В 1943 году стало все больше ухудшаться положение Германии на Восточном фронте. К тому же и союзники высадились в Италии. В этот период были созданы - в июле 1943 года Национальный комитет "Свободная Германия", и затем - в ноябре 1943 года "Союз немецких офицеров", целью которых было, путем свержения Гитлера, положить конец войне и тем самым спасти Германию от катастрофы.

Это намерение военнопленных - находясь в плену, вмешаться путем открытой пропаганды в дело ведения войны своей страной- я отклонил, и вот по каким причинам:

1. Ухудшение военного положения не может послужить основанием для того, чтобы поколебать единодушие армии и народа. Наоборот, именно в этот момент важно сохранение единодушия.

2. Будучи военнопленным, я не в состоянии охватить взглядом ни политического, ни военного положения Германии.

3. И наконец, я все еще находился под впечатлением легенды об "ударе в спину" в 1918 году. Считая, что война не может быть уже выиграна, что главное состоит в том, чтобы выйти из войны на более или менее приемлемых условиях, я, как солдат, осуждал намерения Национального комитета, вредящие, как мне казалось, интересам германского народа.

В соответствии с этим я и относился к Национальному комитету, не переставая, однако, анализировать обстановку и свои убеждения. В конце июля 1944 года я имел беседу с руководителями Национального комитета. После поражений в 1943 году и начале 1944 года на Востоке и продвижения англичан и американцев в Италии, безнадежное положение Германии, создавшееся в результате высадки союзников во Франции (6 июня 1944 года) и уничтожения Централь ной группы армий (конец июня - начало июля 1944 года), стало явным.

Кроме того, для меня имело решающее значение ознакомление, хотя и ограниченное, со зверствами, имевшими прямую или косвенную связь с ведением войны и совершенными по отношению к гражданскому населению восточных оккупированных районов и русским военнопленным.

И, наконец, события 20 июля 1944 года доказали, благодаря участию известных генералов, что в Германии считают: единственным выходом из войны является устранение Гитлера.

Благодаря этим фактам отпали существенные препятствия и сомнения, которые до того момента определяли мое отношение к Национальному комитету.
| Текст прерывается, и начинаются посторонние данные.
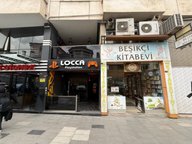 Trabzon Meydan'da Satılık Dükkan Trabzon Meydan'da Satılık Dükkan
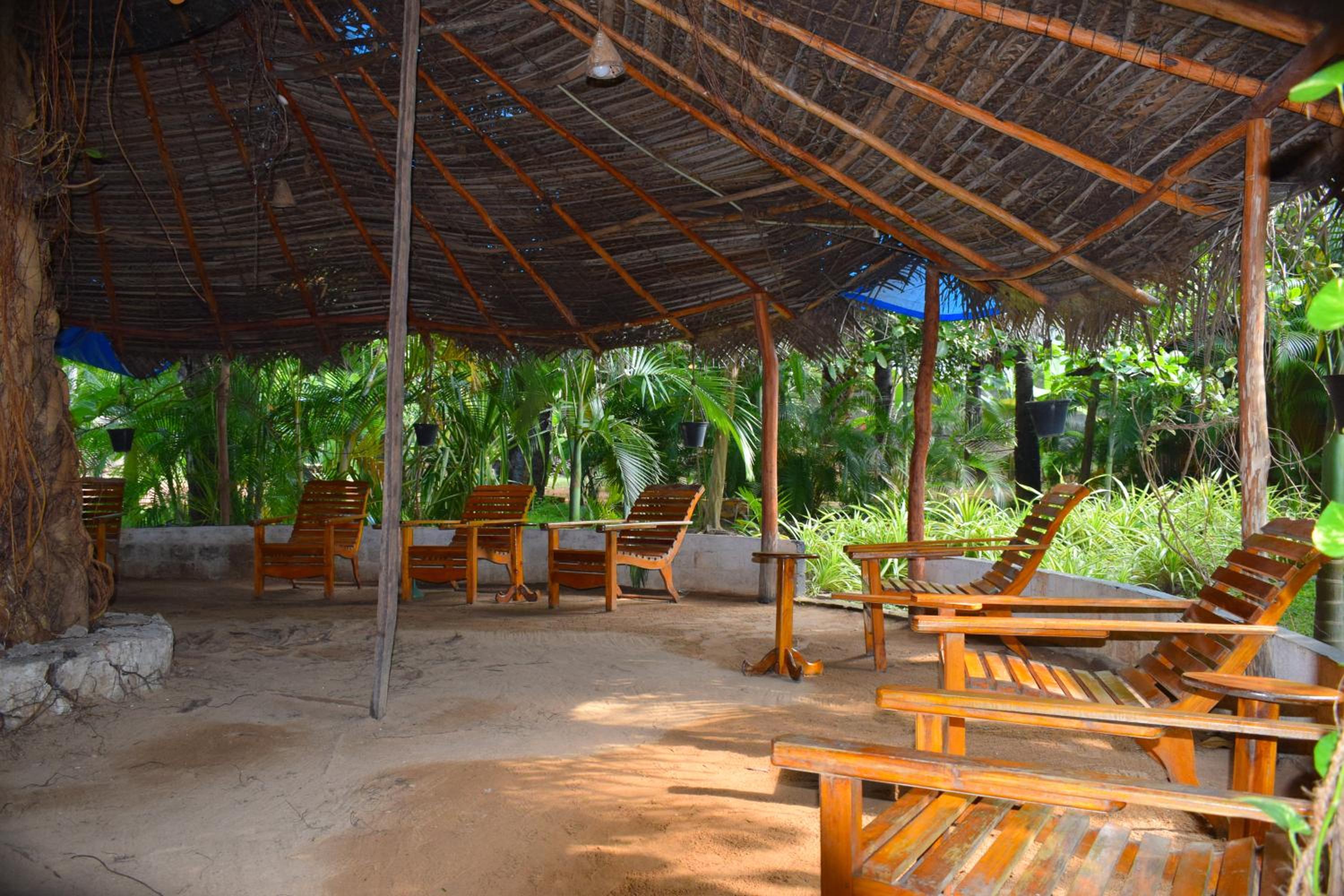 Sasvi Cabana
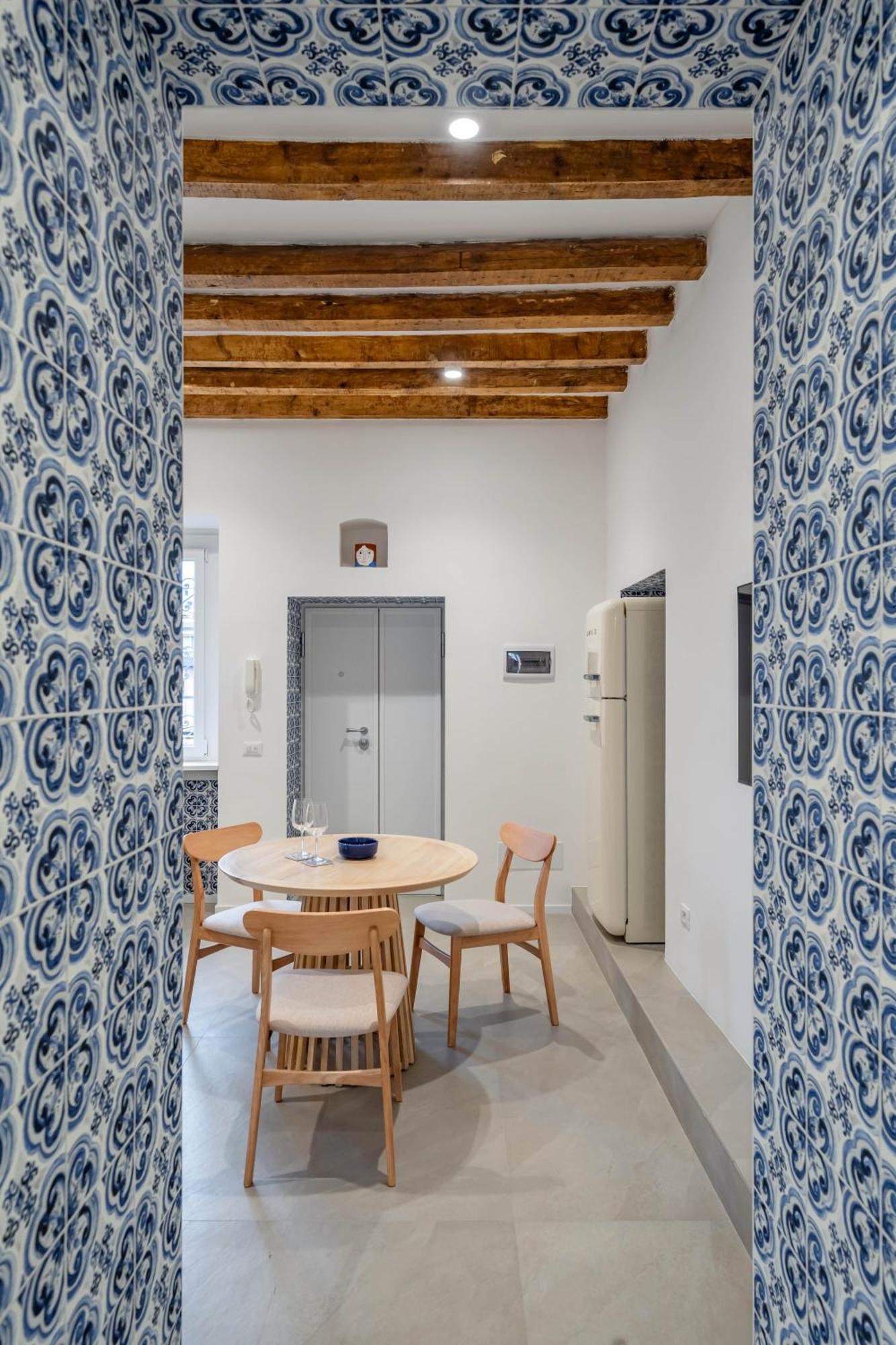 Mortara Navigli Apartments Milano Exterior foto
Особенно ясно стало для меня положение в Германии и внутри армии после беседы с незадолго до этого попавшими в плен генералами из группы армий "Центр". Таким образом, я дошел до сознания, что дело уже не в том, чтобы закончить войну на приемлемых условиях, а в том, чтобы склонить силы, еще не окончательно связавшие себя с фашистским режимом, к прекращению войны, чтобы избежать ужасной заключительной катастрофы.

В результате я 8.8.44 г. опубликовал воззвание, соответствующее тогдашнему положению в Германии, и заявил о своем присоединении к движению "Свободная Германия".

На мою долю, как на долю самого старшего по званию офицера, в движении "Свободная Германия" выпадали особые задачи, как, например, обращение с воззванием о капитуляции к Курляндской группировке (в конце августа 1944 года), к немецким войскам в Румынии (в конце сентября 1944 года), выступление против Гиммлера в связи с мобилизацией "фольксштурма", что послужило непосредственным поводом к заключению моей семьи в концентрационный лагерь, и, наконец, составленное мною "Воззвание 50 генералов", явившееся последним предупреждением непосредственно перед наступлением русских на Висле и в Восточной Пруссии, которое было началом окончательного разгрома.